The massive sale is part of a larger emerging [inner circle] status quo of debut literary novels like Vanessa Diffenbaugh’s 2011 debut, “The Language of Flowers,” Cynthia D’Aprix Sweeney’s “The Nest,” “City on Fire,” by first-time novelist Garth Risk Hallberg, and Bill Clegg’s “Did You Ever Have A Family,” among others.

Cline had only published some personal essays and a few short stories prior to landing her book deal, one with Tin House and another with the Paris Review. She snagged her MFA from Columbia and became a reader for The New Yorker. Soon she signed on with NYT bestselling author and literary agent, Bill Clegg.

I actually met Cline randomly on a visit to New York back in mid March. My girlfriend and I were staying in Brooklyn before heading off to Berlin. I’d walked into a coffee shop one morning to read Harper’s and sip tea, when I saw the pale, attractive young woman waltz in, sit, and talk to a young man about her book. Being both a writer and book editor, I slid over and handed her my card, telling her I was an editor. She smiled politely, telling me she already had an editor and that her book was forthcoming in June. I asked her name and she complied.

When I looked her up, and read some interviews—discovering the hype and advance—I knew I had to read this woman’s book. The fact that I’ve held a fascination with Manson and his so-called Family Girls for a long time added to the desire. I began the book, seeing her do a live interview in San Francisco in the middle of it, finishing the book last week. Here’s my opinion.

Northern California, during the violent end of the 1960s. At the start of summer, a lonely and thoughtful teenager, Evie Boyd, sees a group of girls in the park, and is immediately caught by their freedom, their careless dress, their dangerous aura of abandon. Soon, Evie is in thrall to Suzanne, a mesmerizing older girl, and is drawn into the circle of a soon-to-be infamous cult and the man who is its charismatic leader. Hidden in the hills, their sprawling ranch is eerie and run down, but to Evie, it is exotic, thrilling, charged—a place where she feels desperate to be accepted. As she spends more time away from her mother and the rhythms of her daily life, and as her obsession with Suzanne intensifies, Evie does not realize she is coming closer and closer to unthinkable violence.

First, a quote from the book. Page 56. This is referencing the 14-year-old female narrator’s insightful revelation when she realizes the truth about boys and their true desires.

“That was our mistake, I think. One of many mistakes. To believe that boys were acting with a logic that we could someday understand. To believe that their actions had any meaning beyond thoughtless impulse. We were like conspiracy theorists, seeing portent and intention in every detail, wishing desperately that we mattered enough to be the object of planning and speculation. But they were just boys. Silly and young and straightforward; they weren’t hiding anything.”
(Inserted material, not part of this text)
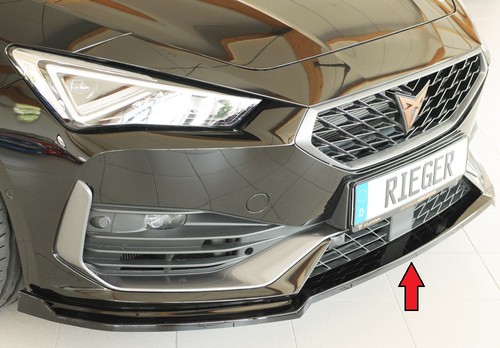 Rieger spoilerschwert für - rieger,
The novel is chock full of these beautiful, insightful, poignant paragraphs. The language flows wonderfully, sinuous like a snake, leading you to a special, magic place, and forcing you to reread certain sentences again and again, to make sure you really understood the powerful symbolism and metaphor. Depth can be culled from each phrase and languid page. It is obvious, after reading the page-and-a-half long prologue, that the woman can write. That she contains serious, no-messing-around talent. The advance starts to make sense.

I’m not going to say anything bad or negative about Cline’s novel. I don’t want to do that to any author. I don’t think it’s helpful. And in a sense, though I’m almost seven years older than her, I am proud of her and The Girls for becoming #3 on the NYT bestseller list, landing the advance she received, and for getting film rights and a three-book deal with RH as a so-called Millennial, a generation which I am, for better or worse, a part of. This makes me beam. Good work, Emma.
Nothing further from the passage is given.